How to make sense of (var1 vs var1) in histograms (in scatter plot matrices)?

In the Guided Project: Visualizing Earnings Based On College Majors, Step 4 asks to plot a couple of scatter matrices. In particular, to plot a scatter matrix for the columns Sample_size and Median. After plotting, we can see two histograms, Sample_size vs Sample_size and Median vs Median. How does one make sense of these two histograms? That is, if I find that the median income of 40,000 on the x axis corresponds to the median income of 110,000 on the y axis, how do I make sense of it?

1 Like

Understand that a histogram usually displays the frequencies of a given occurrence (with the x-axis being that occurrence).

What a histogram typically represents is the distribution of a set of given values The y-axis in most histograms is thus usually the count, or frequency.

In your scatter matrices where the x-axis and y-axis are the same, the y-axis should simply be thought of as the count. Because it doesn’t make too much sense to actually plot a variable against itself, the points in a scatter matrix where the the axis are the same are used to instead represent value distributions via Histograms, while every other permutation of axes results in a scatter plot (so long as the axes are different).

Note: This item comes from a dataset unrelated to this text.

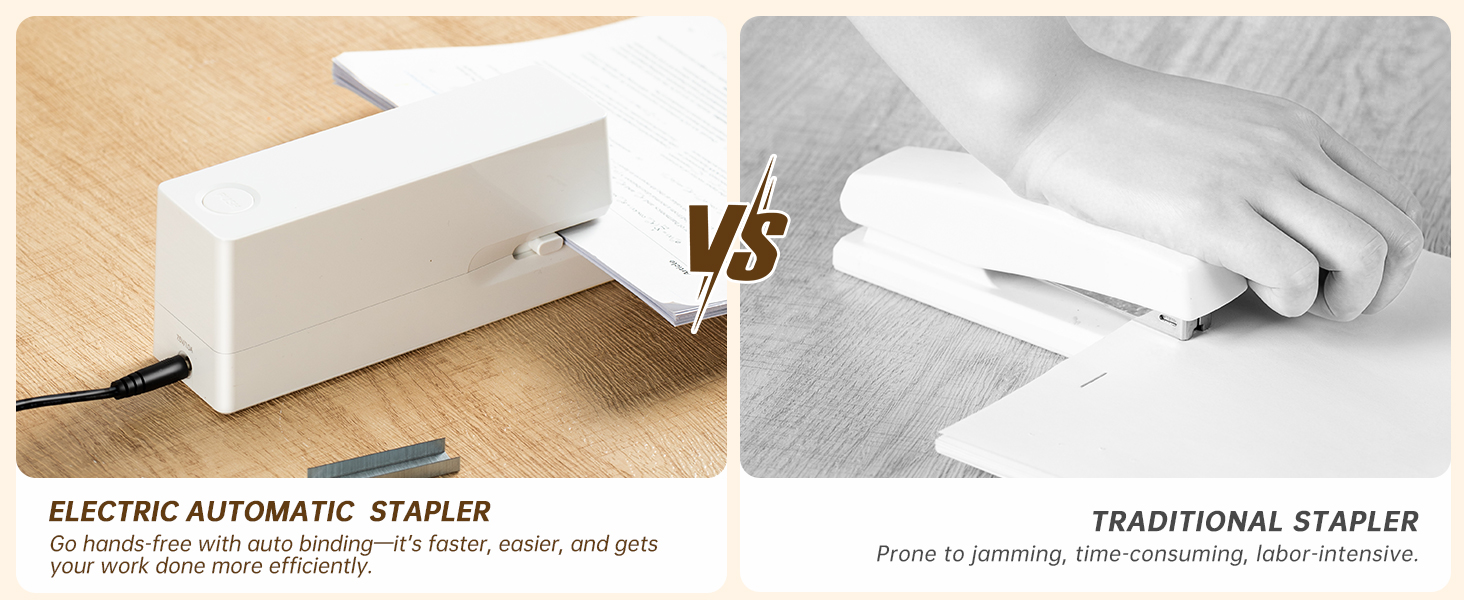 electric stapler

Though I’m only a fellow learner so I’d suggest you take the word of someone more experienced!

As far as I understand the count would be represented by the number of rows for a certain occurrence, that is when we plot an occurrence (on the x-axis) versus how many times that occurrence happens. But when it comes to plotting x versus x, I don’t think that we get a count. I’m not still quite sure how such a plot makes sense.

Think what a graph would look like if you plotted x, against x (i.e. plotting it against itself).

It would just be a straight line with a gradient of 1! And it wouldn’t give you any useful info because you’re not seeing its relationship with anything.

That’s why the y-axis - when it comes to a histogram in a scatter matrix - shouldn’t be taken at face value, and should instead just be thought of as the “count” (you would ignore the numbers on the y-axis for this purpose). Usually in a scatter matrix you aren’t going to see accurately what the precise counts are, but it can be helpful for gauging the distribution of the values nonetheless.

Here is a scatter matrix I made in one of the DQ projects:

Let’s look at the Histogram right in the middle, where it visualizes the distribution of ‘Median’ values (referring to median salary). We see that a very large amount of majors is represented just under 40,000, in roughly the 35,000-45,000 range. If we tried to include the Y-axis (i.e. also 'Median) into the interpretation, we see the median salary range of 35-40k on the x-axis corresponds to… a 100k median salary on the y-axis? There’s no sense to be made here.

Instead, if we just ignored the original y-axis labels and numbers and thought of the y-axis as representing some generic “count” figure, it would make more sense. We see that surely enough, the very high representation of median salaries in the 35k-40k range is also reflected in the points on the scatter plots immediately above and below the histogram!